Material for this exercise:
-------------------------
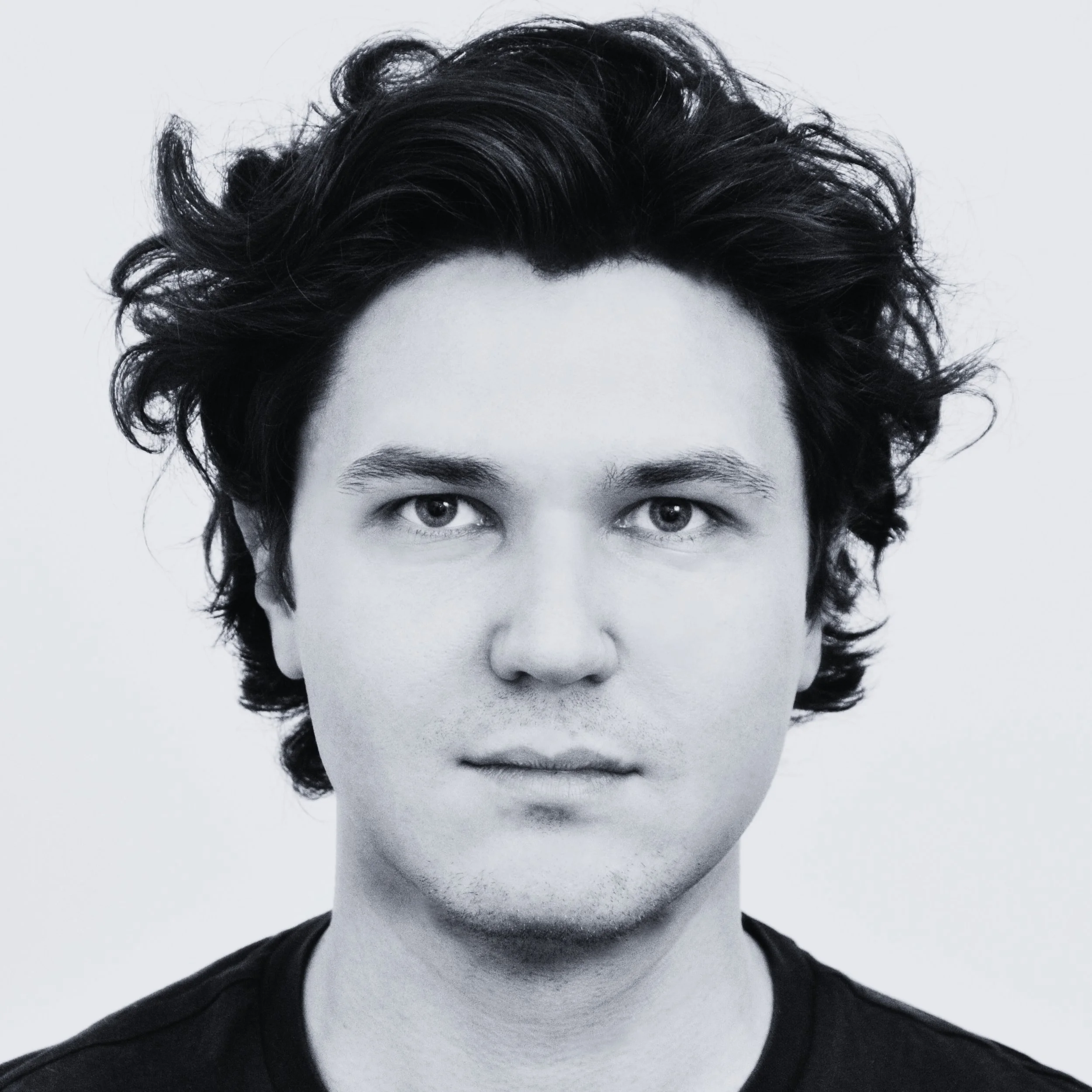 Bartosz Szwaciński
-------------------------
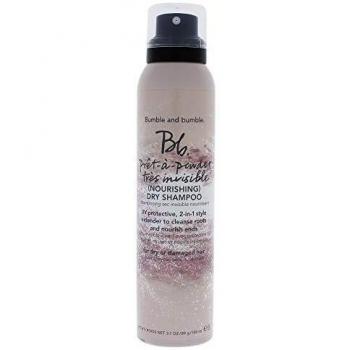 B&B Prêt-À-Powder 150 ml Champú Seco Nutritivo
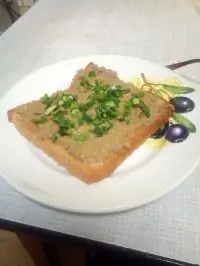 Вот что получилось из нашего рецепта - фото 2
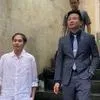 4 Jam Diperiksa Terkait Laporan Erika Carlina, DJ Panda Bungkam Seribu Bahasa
-------------------------
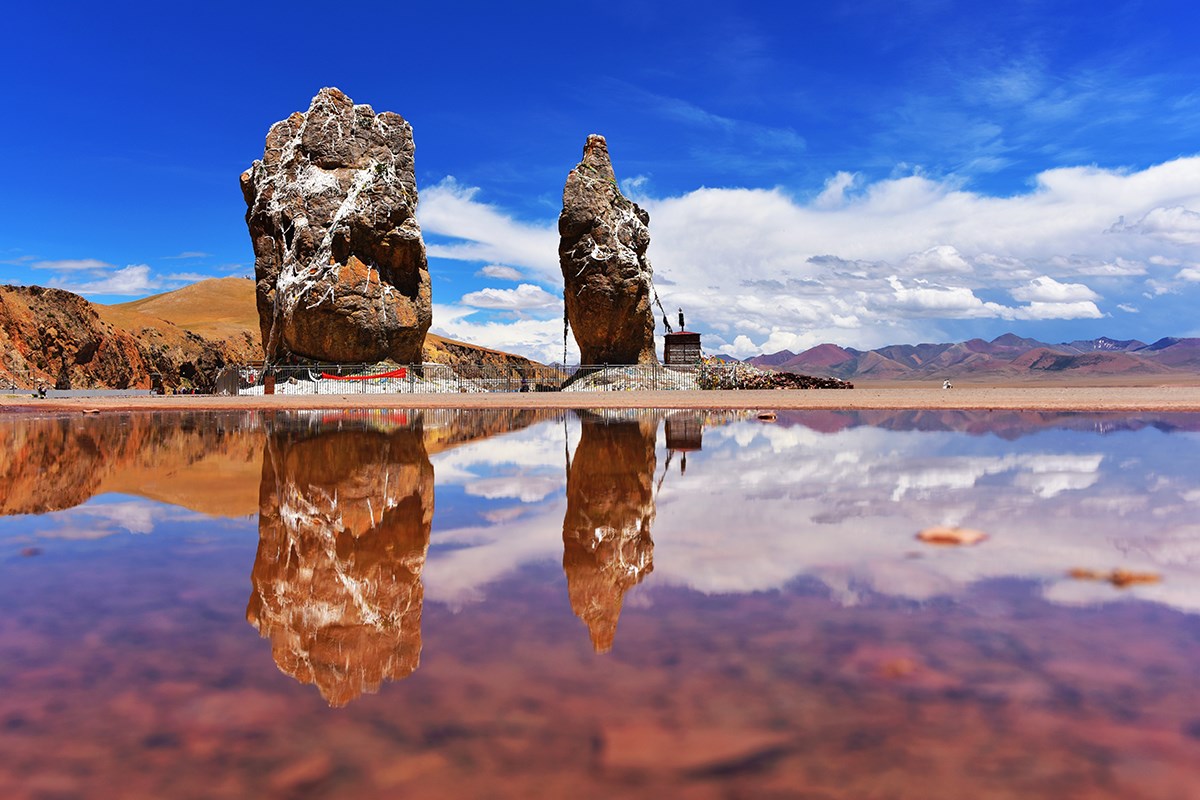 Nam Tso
-------------------------
Aim of the exercise: Repeat, word for word, the lines of the material above from the one holding "Вот что получилось" through the one holding "4 Jam Diperiksa". Leave out pictures.

Task response:
 Вот что получилось из нашего рецепта - фото 2
 4 Jam Diperiksa Terkait Laporan Erika Carlina, DJ Panda Bungkam Seribu Bahasa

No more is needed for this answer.